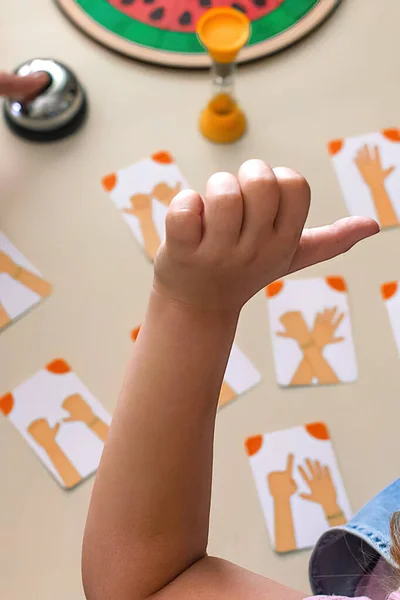 Занятия для детей с логопедом, психологом с дидактическими материалами — стоковое фото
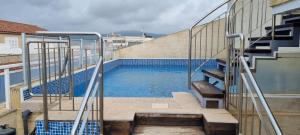 安波拉duplex appartement met zwembad, L'ampolla,的建筑物一侧的游泳池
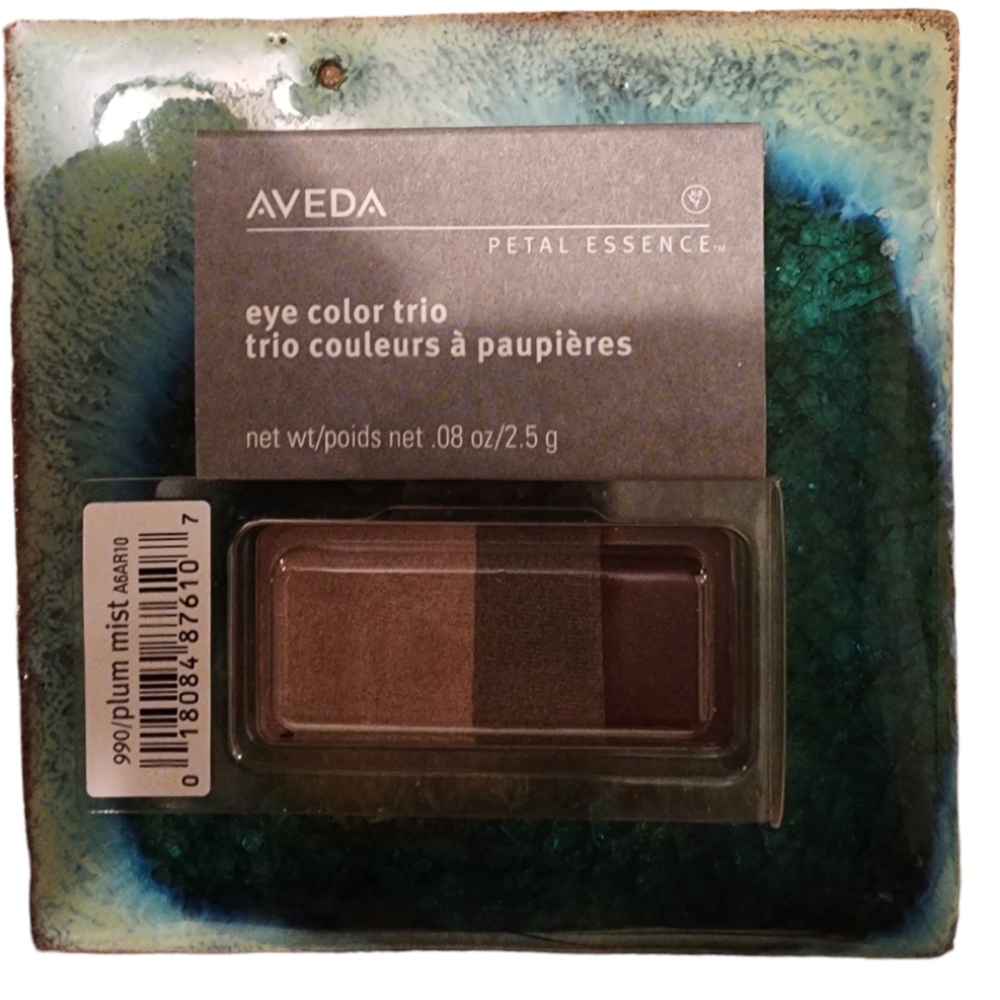 Aveda Plum Mist 990 Petal Essence Eye Color Trio New Rare Discontinued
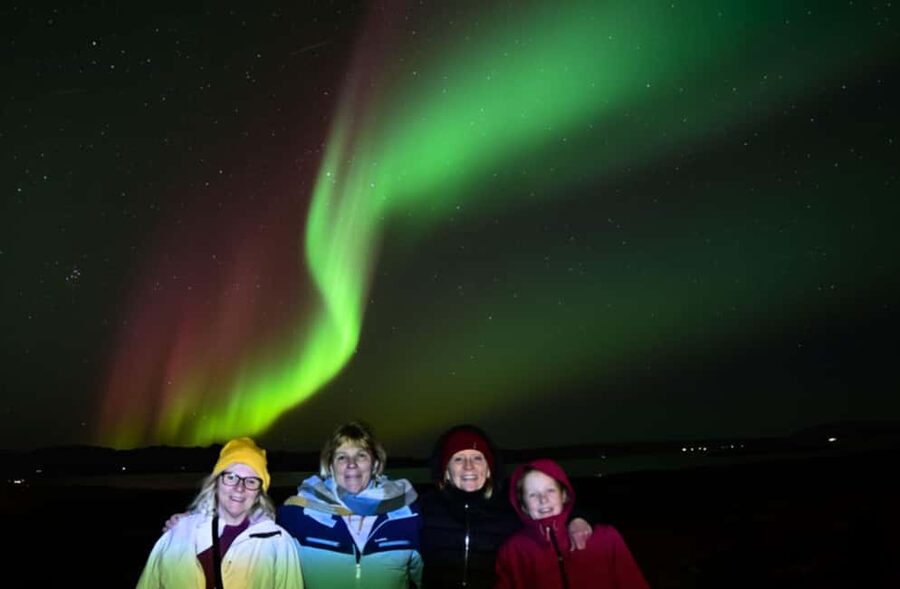 Reykjavík: 4x4 Minibus Northern Lights with Photo and Cocoa - The risk of a cloudy or quiet night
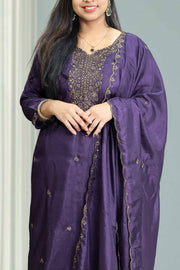 Silk Churidar with Stone Work – Leaf Neck Design
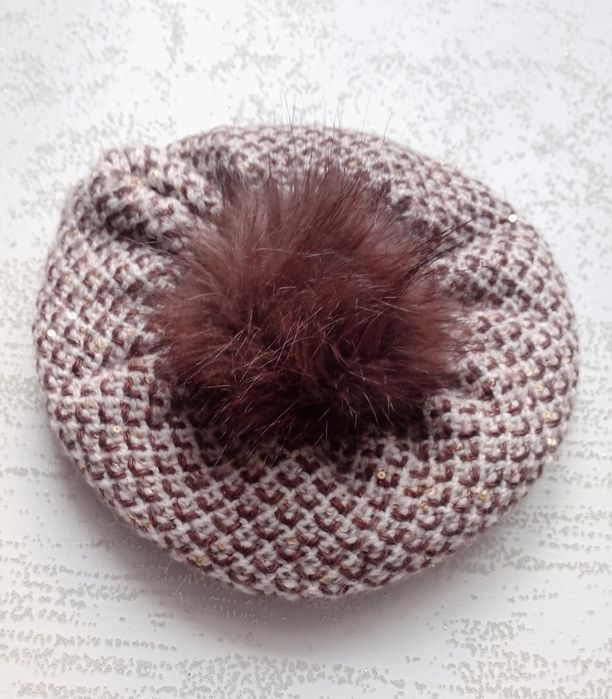 Ciepły beret z pomponem i malutkimi cekinami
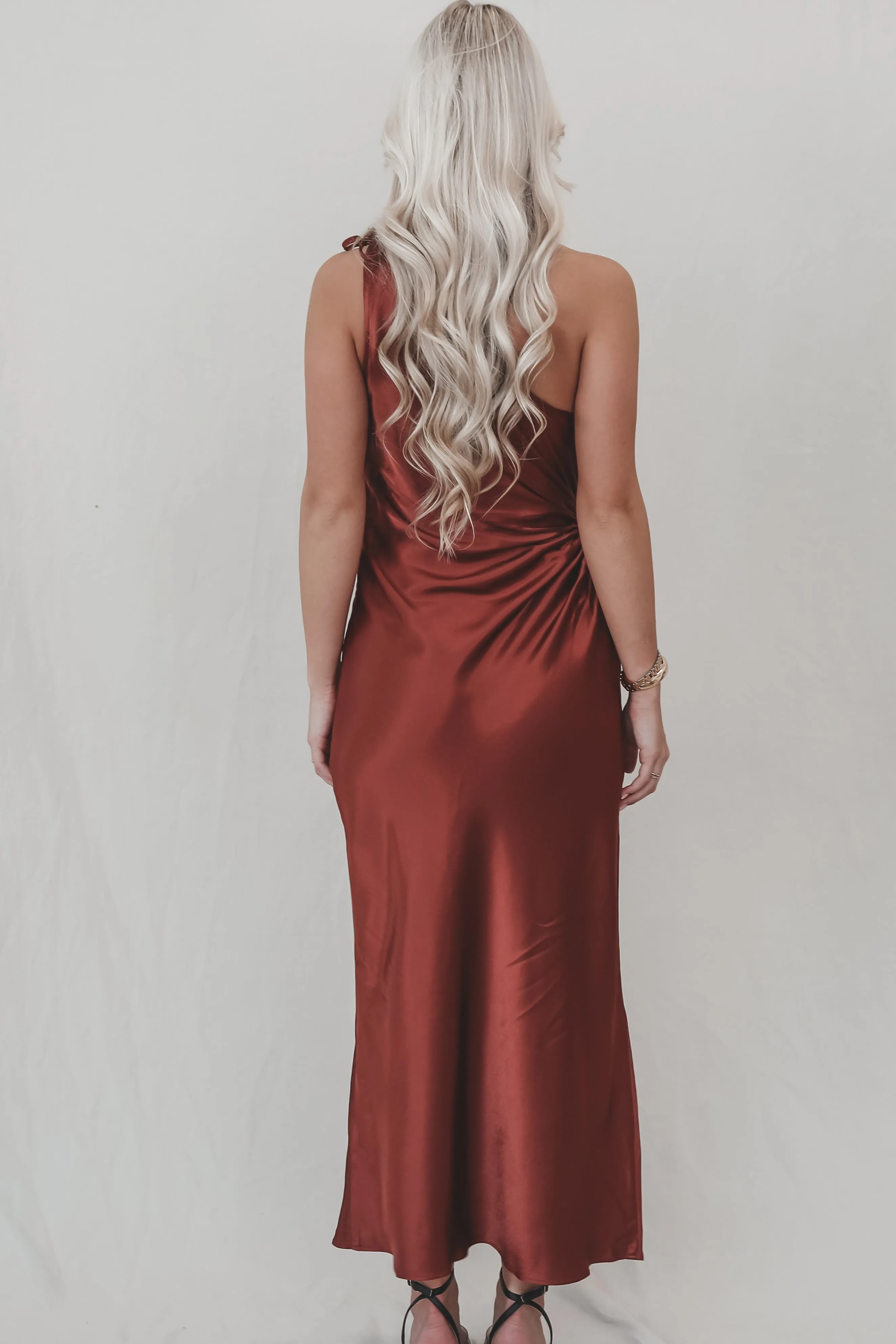 DEAL MINKPINK A Special Type Of Night Satin One Shoulder Maxi Dress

—————

GOAL OF THE EXERCISE. Give the records again exactly, without pictures.

REPLY.
 Занятия для детей с логопедом, психологом с дидактическими материалами — стоковое фото
 安波拉duplex appartement met zwembad, L'ampolla,的建筑物一侧的游泳池
 Aveda Plum Mist 990 Petal Essence Eye Color Trio New Rare Discontinued
 Reykjavík: 4x4 Minibus Northern Lights with Photo and Cocoa - The risk of a cloudy or quiet night
 Silk Churidar with Stone Work – Leaf Neck Design
 Ciepły beret z pomponem i malutkimi cekinami
 DEAL MINKPINK A Special Type Of Night Satin One Shoulder Maxi Dress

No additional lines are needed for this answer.